2. The method of claim 1 , further comprising:
determining whether a particular type of topic model has been identified with respect to analyzing the first speaker transcript and the second speaker transcript; and
wherein selecting the first topic model and the second topic model comprises selecting the first topic model and the second topic model based on determining whether the particular type of topic model has been identified .
3. The method of claim 2 , further comprising:
determining that the particular type of topic model has been identified; and
wherein selecting the first topic model and the second topic model comprises:
selecting a first instance of the particular type of topic model as the first topic model; and
selecting a second instance of the particular type of topic model as the second topic model.

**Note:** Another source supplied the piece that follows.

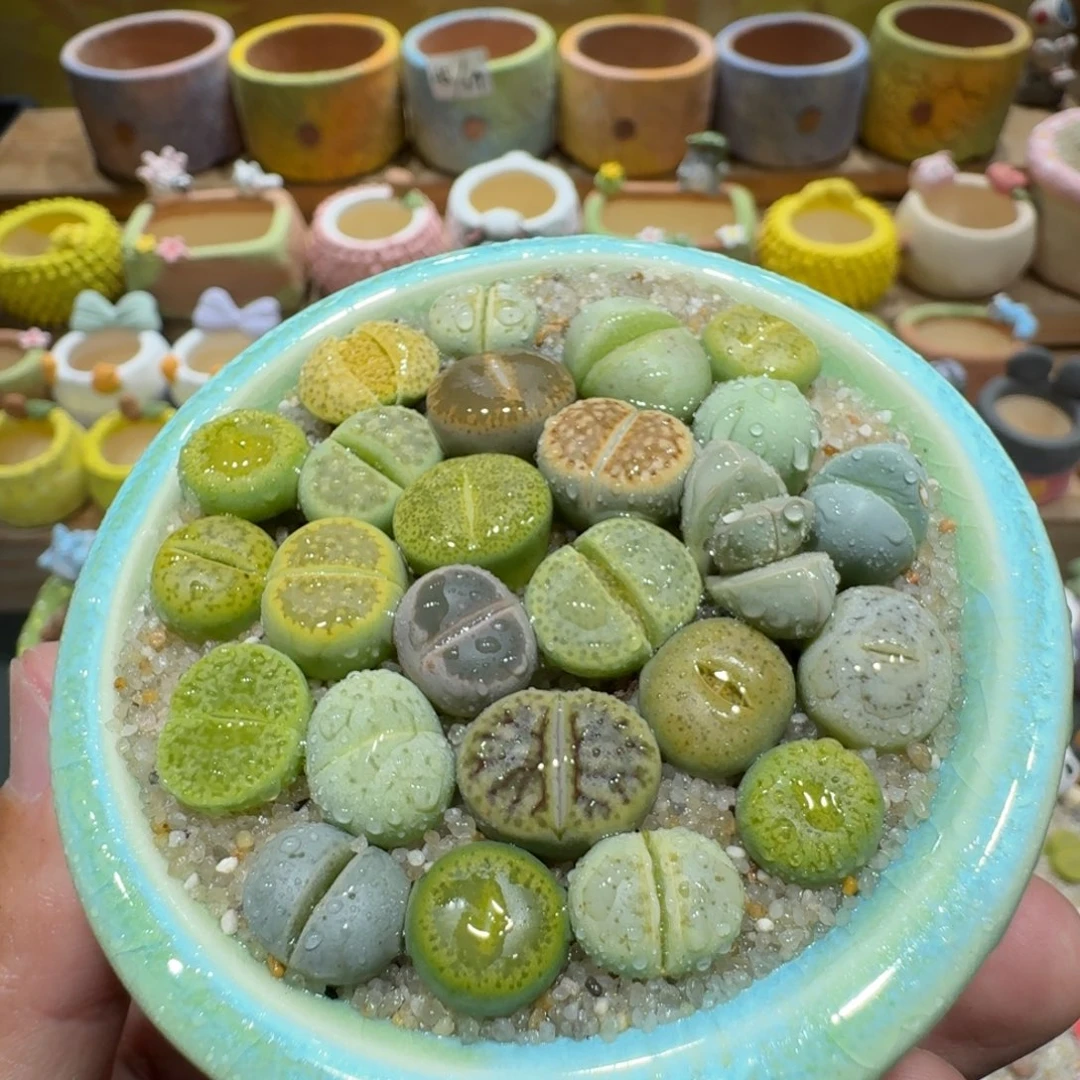 蘑菇1362彩拼多肉植物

4. The method of claim 1 , wherein causing the first topic model to identify the first set of key terms and the second topic model to identify the second set of key terms comprises:
generating a plurality of instances of a first type of topic model,
wherein the first topic model is an instance of the plurality of instances of the first type of topic model; and
causing the plurality of instances, of the first type of topic model, to identify a plurality of sets of key terms associated with the first speaker transcript,
wherein the first set of key terms is included in the plurality of sets of key terms.
5. The method of claim 4 , wherein causing the first topic model to identify the first set of key terms and the second topic model to identify the second set of key terms further comprises:
determining coherence values for the plurality of instances of the first type of topic model,
wherein the coherence values indicate a measure of similarity between the plurality of sets of key terms and terms included in the first speaker transcript, and
wherein the first set of key terms is identified based on the coherence value determined for the first topic model.
6. The method of claim 4 , wherein causing the first topic model to identify the first set of key terms and the second topic model to identify the second set of key terms comprises:
generating a plurality of instances of a second type of topic model,
wherein the second type of topic model is different than the first type of topic model, and
wherein the second topic model is an instance of the plurality of instances of the second type of topic model; and
causing the plurality of instances, of the second type of topic model, to identify a plurality of sets of key terms associated with the second speaker transcript,
wherein the second set of key terms is included in the plurality of sets of key terms associated with the second speaker transcript.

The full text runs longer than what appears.